There are also problems within the writing standards. Prof. Sandra Stotsky addresses this issue in a post on www.hoosiersagainstcommoncore.com. She points to the lack of coherency between the writing and reading standards.
Also, I disagree with the comments on the NAEP reading frameworks being aligned with common core. Limitations posed by Common Core's idiosyncratic 50/50 division of reading standards: 10 for informational (or nonfiction) reading, 9 for literary study, at every grade level. This division is unsupported by reading research or NAEP's own reading frameworks (see Bauerlein & Stotsky, 2012).
a. Much less room for literary study (which always included literary nonfiction in the form of speeches and historically contemporary essays). Makes a coherent literature curriculum impossible.
b.

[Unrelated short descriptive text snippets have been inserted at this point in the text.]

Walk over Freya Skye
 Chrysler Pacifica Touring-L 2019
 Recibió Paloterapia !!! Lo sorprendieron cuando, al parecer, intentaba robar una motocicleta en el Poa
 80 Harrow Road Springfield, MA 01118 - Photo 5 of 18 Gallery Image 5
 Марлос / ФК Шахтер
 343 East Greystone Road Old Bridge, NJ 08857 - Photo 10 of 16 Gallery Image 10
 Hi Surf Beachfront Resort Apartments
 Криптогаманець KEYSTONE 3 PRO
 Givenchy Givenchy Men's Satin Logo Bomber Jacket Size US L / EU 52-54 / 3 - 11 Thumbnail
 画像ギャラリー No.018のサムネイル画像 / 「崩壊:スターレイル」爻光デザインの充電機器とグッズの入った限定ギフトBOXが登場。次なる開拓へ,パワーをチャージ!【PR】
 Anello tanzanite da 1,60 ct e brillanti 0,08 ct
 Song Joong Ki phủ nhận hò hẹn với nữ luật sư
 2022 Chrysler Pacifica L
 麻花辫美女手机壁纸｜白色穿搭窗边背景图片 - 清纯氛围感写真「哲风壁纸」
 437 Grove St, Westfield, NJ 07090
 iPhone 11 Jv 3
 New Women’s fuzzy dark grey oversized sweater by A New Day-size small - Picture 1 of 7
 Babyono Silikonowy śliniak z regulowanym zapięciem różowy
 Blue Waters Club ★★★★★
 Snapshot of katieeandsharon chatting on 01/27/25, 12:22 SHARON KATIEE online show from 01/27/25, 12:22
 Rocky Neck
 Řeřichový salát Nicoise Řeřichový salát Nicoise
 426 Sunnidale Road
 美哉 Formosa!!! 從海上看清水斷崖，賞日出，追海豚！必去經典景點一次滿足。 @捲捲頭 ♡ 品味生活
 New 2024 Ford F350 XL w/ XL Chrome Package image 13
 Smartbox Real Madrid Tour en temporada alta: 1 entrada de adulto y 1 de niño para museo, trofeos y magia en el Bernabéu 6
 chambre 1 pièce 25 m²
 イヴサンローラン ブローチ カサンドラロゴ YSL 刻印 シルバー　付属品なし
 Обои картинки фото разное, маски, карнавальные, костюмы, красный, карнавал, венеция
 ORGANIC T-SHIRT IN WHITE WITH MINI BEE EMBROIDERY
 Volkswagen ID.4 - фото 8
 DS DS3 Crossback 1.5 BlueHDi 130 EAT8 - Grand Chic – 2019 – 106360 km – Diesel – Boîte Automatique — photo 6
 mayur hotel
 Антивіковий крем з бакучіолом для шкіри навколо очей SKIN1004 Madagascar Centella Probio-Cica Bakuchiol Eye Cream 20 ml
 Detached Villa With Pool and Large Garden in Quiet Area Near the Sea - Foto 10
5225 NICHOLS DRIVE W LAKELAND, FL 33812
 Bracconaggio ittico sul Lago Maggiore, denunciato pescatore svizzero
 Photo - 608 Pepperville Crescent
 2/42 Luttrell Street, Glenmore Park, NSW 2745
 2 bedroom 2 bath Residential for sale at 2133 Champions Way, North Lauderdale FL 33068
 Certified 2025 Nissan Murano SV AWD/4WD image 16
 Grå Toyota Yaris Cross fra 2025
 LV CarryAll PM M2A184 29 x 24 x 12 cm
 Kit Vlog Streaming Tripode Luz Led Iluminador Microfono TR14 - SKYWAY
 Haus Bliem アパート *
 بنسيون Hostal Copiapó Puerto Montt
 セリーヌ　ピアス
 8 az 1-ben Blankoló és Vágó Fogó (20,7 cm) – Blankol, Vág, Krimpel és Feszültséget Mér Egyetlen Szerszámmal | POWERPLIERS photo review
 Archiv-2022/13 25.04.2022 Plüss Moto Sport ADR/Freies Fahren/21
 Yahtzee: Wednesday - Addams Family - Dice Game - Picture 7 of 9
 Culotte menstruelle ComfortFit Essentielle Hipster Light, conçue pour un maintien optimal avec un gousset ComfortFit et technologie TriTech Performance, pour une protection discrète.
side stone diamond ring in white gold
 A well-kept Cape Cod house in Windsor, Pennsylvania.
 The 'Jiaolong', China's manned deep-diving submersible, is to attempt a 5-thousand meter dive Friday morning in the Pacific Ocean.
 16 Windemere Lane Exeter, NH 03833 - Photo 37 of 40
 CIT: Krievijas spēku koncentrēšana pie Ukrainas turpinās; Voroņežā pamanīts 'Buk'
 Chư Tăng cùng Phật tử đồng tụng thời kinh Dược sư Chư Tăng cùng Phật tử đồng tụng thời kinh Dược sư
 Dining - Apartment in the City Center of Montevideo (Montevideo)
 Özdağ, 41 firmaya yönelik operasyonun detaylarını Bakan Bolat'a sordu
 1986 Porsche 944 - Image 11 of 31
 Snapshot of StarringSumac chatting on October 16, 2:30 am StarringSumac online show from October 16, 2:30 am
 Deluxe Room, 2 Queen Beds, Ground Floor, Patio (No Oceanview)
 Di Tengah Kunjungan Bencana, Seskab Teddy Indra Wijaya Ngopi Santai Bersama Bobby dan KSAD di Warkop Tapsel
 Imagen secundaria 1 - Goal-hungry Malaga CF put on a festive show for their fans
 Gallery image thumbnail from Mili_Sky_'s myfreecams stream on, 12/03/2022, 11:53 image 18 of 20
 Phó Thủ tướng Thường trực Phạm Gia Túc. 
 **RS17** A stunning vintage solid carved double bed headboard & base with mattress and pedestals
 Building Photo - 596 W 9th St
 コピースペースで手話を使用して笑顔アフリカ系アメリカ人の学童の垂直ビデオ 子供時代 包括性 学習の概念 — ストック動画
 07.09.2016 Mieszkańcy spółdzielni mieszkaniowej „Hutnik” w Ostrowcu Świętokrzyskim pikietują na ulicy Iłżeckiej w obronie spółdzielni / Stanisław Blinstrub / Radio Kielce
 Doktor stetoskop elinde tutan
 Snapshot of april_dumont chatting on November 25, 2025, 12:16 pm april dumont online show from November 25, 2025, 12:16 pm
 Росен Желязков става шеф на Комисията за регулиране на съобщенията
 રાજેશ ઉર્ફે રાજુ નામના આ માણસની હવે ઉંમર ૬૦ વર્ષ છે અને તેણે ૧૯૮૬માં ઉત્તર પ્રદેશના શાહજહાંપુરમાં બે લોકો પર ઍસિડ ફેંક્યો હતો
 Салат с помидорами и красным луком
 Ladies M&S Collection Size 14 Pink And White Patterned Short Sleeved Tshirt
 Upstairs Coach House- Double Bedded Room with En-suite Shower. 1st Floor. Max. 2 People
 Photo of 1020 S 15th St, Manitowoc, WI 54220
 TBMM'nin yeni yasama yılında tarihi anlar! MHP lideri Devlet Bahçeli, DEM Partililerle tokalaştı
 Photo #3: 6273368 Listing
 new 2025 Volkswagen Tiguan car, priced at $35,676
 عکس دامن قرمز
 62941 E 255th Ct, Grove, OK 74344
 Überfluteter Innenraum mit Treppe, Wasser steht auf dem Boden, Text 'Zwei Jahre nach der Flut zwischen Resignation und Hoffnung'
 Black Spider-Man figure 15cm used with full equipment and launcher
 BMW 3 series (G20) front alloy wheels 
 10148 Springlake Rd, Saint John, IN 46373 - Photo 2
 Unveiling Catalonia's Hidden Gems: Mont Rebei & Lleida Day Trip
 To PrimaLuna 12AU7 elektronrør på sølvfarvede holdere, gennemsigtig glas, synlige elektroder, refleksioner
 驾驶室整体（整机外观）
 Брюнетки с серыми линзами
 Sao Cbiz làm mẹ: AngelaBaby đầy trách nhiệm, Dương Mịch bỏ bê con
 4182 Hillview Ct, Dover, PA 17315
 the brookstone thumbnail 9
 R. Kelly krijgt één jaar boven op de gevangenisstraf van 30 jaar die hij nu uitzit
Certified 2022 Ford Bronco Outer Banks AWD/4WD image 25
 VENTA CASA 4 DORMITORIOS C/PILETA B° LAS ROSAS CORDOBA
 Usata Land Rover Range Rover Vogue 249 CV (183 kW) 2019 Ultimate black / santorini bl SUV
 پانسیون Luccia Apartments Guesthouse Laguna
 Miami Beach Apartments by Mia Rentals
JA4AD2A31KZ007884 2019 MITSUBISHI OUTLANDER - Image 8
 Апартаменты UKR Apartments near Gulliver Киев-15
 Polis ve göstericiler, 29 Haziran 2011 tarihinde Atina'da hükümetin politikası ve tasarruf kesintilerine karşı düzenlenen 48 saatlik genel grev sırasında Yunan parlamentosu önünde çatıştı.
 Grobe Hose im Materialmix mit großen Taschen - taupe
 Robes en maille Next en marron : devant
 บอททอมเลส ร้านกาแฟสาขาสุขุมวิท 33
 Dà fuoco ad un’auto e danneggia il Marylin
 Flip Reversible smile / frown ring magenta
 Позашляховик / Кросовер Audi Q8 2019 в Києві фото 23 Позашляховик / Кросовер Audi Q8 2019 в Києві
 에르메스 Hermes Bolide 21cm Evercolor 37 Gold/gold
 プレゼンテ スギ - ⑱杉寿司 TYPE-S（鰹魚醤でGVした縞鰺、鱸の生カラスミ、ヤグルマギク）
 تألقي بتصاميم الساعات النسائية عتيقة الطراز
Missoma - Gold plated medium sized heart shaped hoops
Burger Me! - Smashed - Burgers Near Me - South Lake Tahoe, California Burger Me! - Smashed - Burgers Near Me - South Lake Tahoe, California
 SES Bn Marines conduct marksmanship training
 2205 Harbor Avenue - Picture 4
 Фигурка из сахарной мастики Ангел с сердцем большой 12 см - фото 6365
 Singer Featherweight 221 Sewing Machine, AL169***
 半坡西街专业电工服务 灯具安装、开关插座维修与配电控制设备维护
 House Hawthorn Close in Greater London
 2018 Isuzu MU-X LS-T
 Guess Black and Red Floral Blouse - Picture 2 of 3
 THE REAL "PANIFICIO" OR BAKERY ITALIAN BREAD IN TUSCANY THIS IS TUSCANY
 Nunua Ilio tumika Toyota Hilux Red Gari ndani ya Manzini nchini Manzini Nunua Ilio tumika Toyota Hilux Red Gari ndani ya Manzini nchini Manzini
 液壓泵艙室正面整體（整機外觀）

No indication what "information" is inherently part of the English curriculum (i.e., the counterpart to the information about math, history, and science that is taught in the math, history, and science curriculum respectively). Results in an even more incoherent curriculum unless informational selections are historically contemporary or intellectually antecedent to literary texts studied.
c. Leaves the K-8 reading curriculum wide open to less demanding reading than complex literary texts because the purpose of informational text is precisely to convey "information." Lends itself to reading comprehension exercises especially because "cold reading" being recommended by confused people at Aspen Institute (see Brown & Kappas, 2012).
d. Leaves the curriculum also open to "context" texts now labeled pre-reading that may distort or distract from the literary text if they are not contemporary to the text or if they moralize.
e. If informational or nonfiction text analyzed for rhetoric, will literary texts be analyzed aesthetically, for balance?
f. If no agreed-upon body of information in an English curriculum, how can informational test items be valid and fair? Cannot assess the information in scattered informational readings because students haven't learned the disciplinary context for the information. Nor is it clear how English teachers or students know whether the information in them is correct, complete, unbiased. If the information is daily life-based, then it is a reading comprehension exercise and not appropriate in the English curriculum.